2. Multiply each term in the first polynomial by each one in the second polynomial.

\begin{align*}(4x^2-6x+11)(-3x^3+x^2+8x-10) &= -12x^5+4x^4+32x^3-40x^2\\ & \qquad \qquad \ +18x^4-6x^3-48x^2+60x\\ & \qquad \qquad \qquad \quad \ -33x^3+11x^2+88x-110\\ &= -12x^5+22x^4-7x^3-77x^2+148x-110\end{align*}

3. Multiply the first two binomials together.

\begin{align*}(x^2-1)(3x-4) = 3x^3-4x^2-3x+4\end{align*}

Multiply this product by the last binomial.

\begin{align*}(3x^3-4x^2-3x+4)(3x+4) &= 9x^4+12x^3-12x^3-16x^2-9x^2-12x+12x-16\\ &= 9x^4-25x^2-16\end{align*}

4. The square indicates that there are two binomials. Expand this and multiply.

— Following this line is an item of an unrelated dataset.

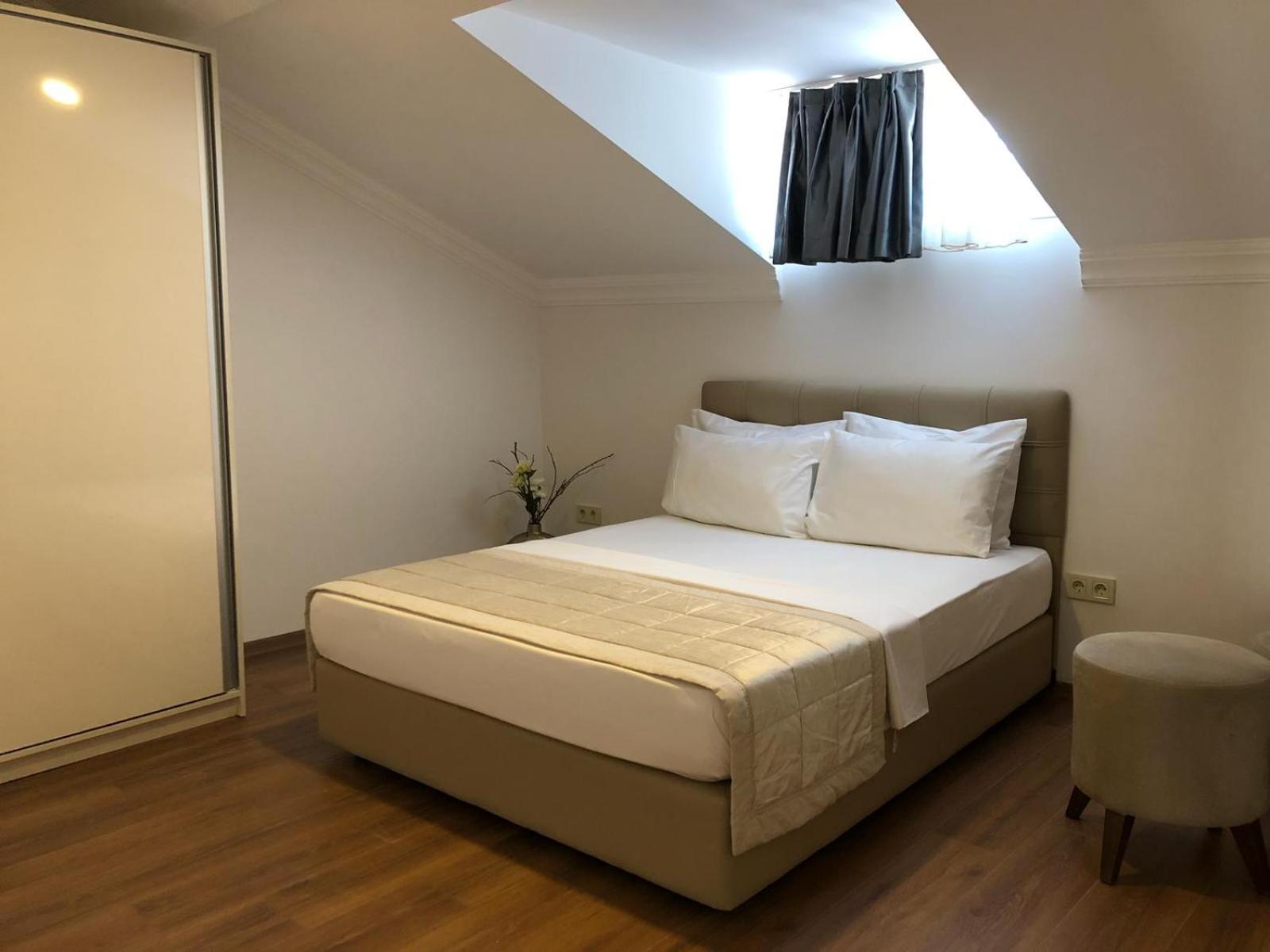 Suite, Sofa, Terrace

\begin{align*}(2x-7)^2 &= (2x-7)(2x-7)\\ &= 4x^2-14x-14x+49\\ &= 4x^2-28x+49\end{align*}

Explore More

Find the product.

1. \begin{align*}5x(x^2-6x+8)\end{align*}
2. \begin{align*}-x^2(8x^3-11x+20)\end{align*}
3. \begin{align*}7x^3(3x^3-x^2+16x+10)\end{align*}
4. \begin{align*}(x^2+4)(x-5)\end{align*}
5. \begin{align*}(3x^2-4)(2x-7)\end{align*}
6. \begin{align*}(9-x^2)(x+2)\end{align*}
7. \begin{align*}(x^2+1)(x^2-2x-1)\end{align*}
8. \begin{align*}(5x-1)(x^3+8x-12)\end{align*}
9. \begin{align*}(x^2-6x-7)(3x^2-7x+15)\end{align*}
10. \begin{align*}(x-1)(2x-5)(x+8)\end{align*}
11. \begin{align*}(2x^2+5)(x^2-2)(x+4)\end{align*}
12. \begin{align*}(5x-12)^2\end{align*}
13. \begin{align*}-x^4(2x+11)(3x^2-1)\end{align*}
14. \begin{align*}(4x+9)^2\end{align*}
15. \begin{align*}(4x^3-x^2-3)(2x^2-x+6)\end{align*}
16. \begin{align*}(2x^3-6x^2+x+7)(5x^2+2x-4)\end{align*}
17. \begin{align*}(x^3+x^2-4x+15)(x^2-5x-6)\end{align*}

Vocabulary Language: English

distributive property

distributive property

The distributive property states that the product of an expression and a sum is equal to the sum of the products of the expression and each term in the sum. For example, $a(b + c) = ab + ac$.